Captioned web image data

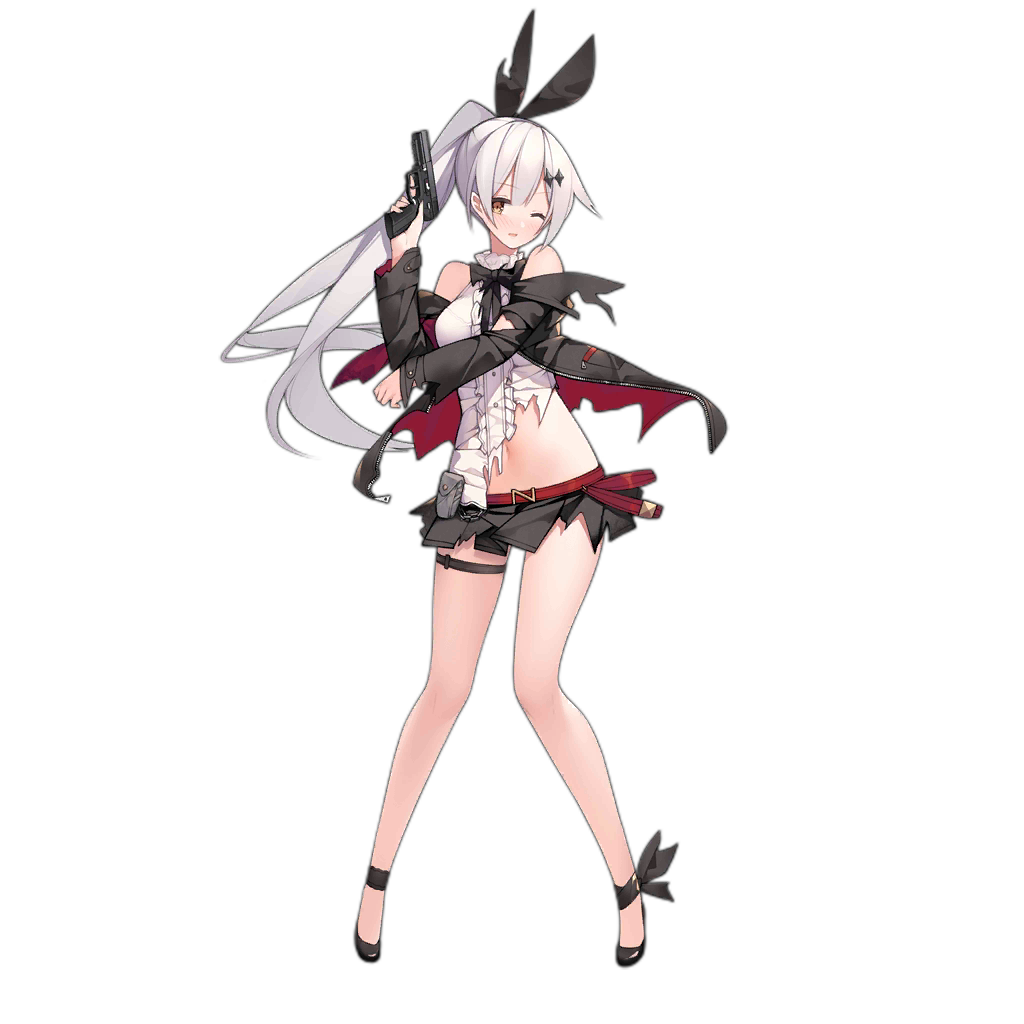 1girl arm_up bare_shoulders belt black_bow black_bowtie black_jacket black_shoes black_skirt blush bow bowtie breasts brown_eyes collar damaged defeat five-seven_(girls&#039;_frontline) fn_five-seven full_body girls&#039;_frontline gun hair_between_eyes hair_ornament handgun holding holding_gun holding_weapon jacket long_hair long_sleeves looking_at_viewer medium_breasts miniskirt navel off_shoulder official_art one_eye_closed parted_lips pdw-caliber_pistol ponytail pouch rabbit_hair_ornament red_belt shirt shoes sidelocks skirt sleeveless sleeveless_shirt solo standing stomach suisai_(suisao) thigh_strap torn_clothes torn_jacket torn_shirt transparent_background very_long_hair weapon white_hair zipper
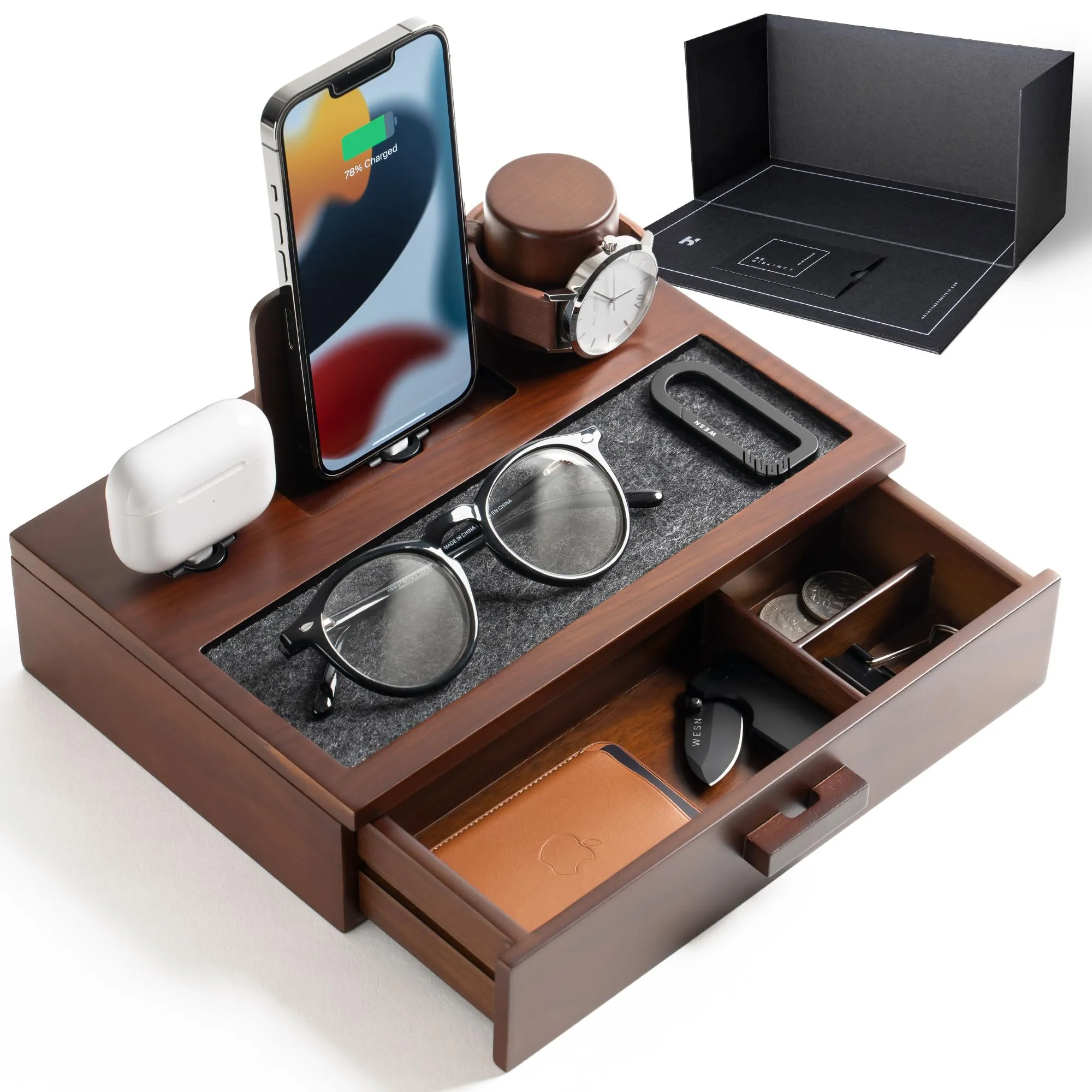 Nightstand Organizer For Men Unique Birthday Gift Wood Phone Docking Station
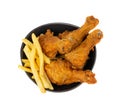 Chicken Legs Isolated, Fry Breaded Drumstick, Deep Fried Chicken Pieces Royalty Free Stock Photo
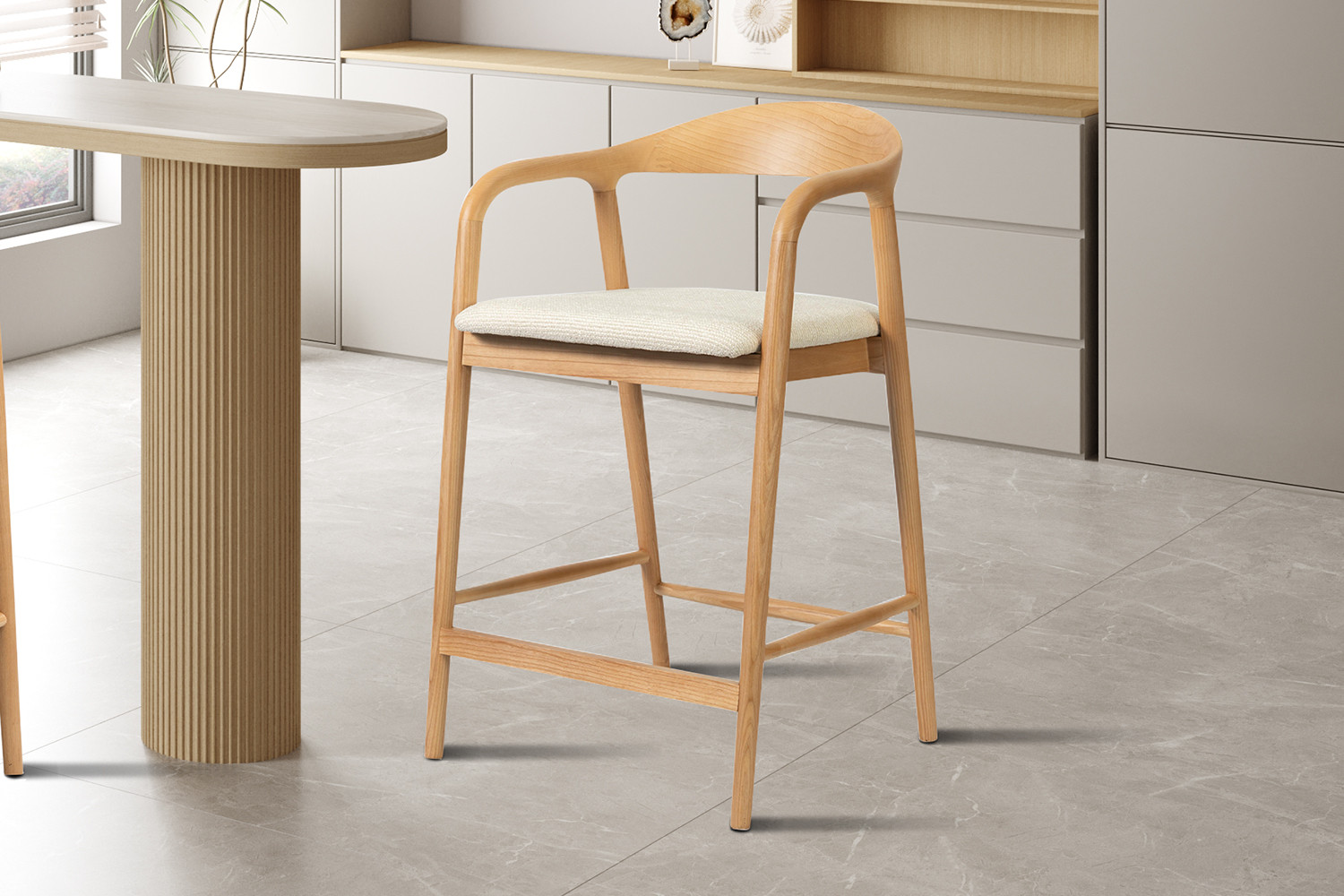 Image 2 for NEW - Counterstoel Claire Essenh. Naturel Milan 103 Beige Gemonteerd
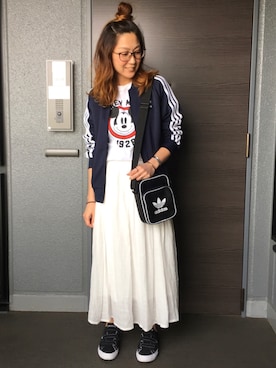 「マキシスカート」｜「アイテム（ジャージ）」を使った、☆☺︎めめち☺︎☆さん（レディース・159cm）の春コーディネート
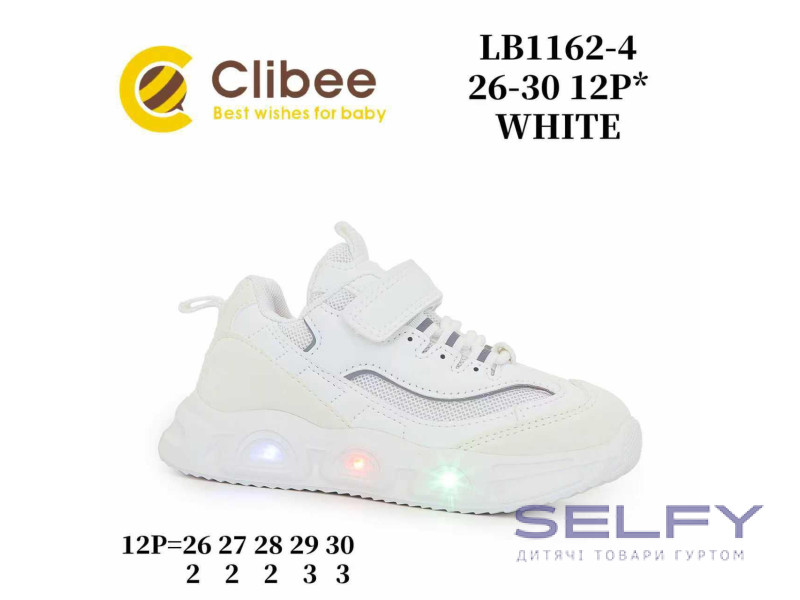 Кросівки дитячі Clibee LB1162-4 white LED 26-30, Фото 1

PROBLEM REQUIREMENTS
Repeat the lines above exactly, and keep every picture out.

THE COMPLETED TASK
 1girl arm_up bare_shoulders belt black_bow black_bowtie black_jacket black_shoes black_skirt blush bow bowtie breasts brown_eyes collar damaged defeat five-seven_(girls&#039;_frontline) fn_five-seven full_body girls&#039;_frontline gun hair_between_eyes hair_ornament handgun holding holding_gun holding_weapon jacket long_hair long_sleeves looking_at_viewer medium_breasts miniskirt navel off_shoulder official_art one_eye_closed parted_lips pdw-caliber_pistol ponytail pouch rabbit_hair_ornament red_belt shirt shoes sidelocks skirt sleeveless sleeveless_shirt solo standing stomach suisai_(suisao) thigh_strap torn_clothes torn_jacket torn_shirt transparent_background very_long_hair weapon white_hair zipper
 Nightstand Organizer For Men Unique Birthday Gift Wood Phone Docking Station
 Chicken Legs Isolated, Fry Breaded Drumstick, Deep Fried Chicken Pieces Royalty Free Stock Photo
 Image 2 for NEW - Counterstoel Claire Essenh. Naturel Milan 103 Beige Gemonteerd
 「マキシスカート」｜「アイテム（ジャージ）」を使った、☆☺︎めめち☺︎☆さん（レディース・159cm）の春コーディネート
 Кросівки дитячі Clibee LB1162-4 white LED 26-30, Фото 1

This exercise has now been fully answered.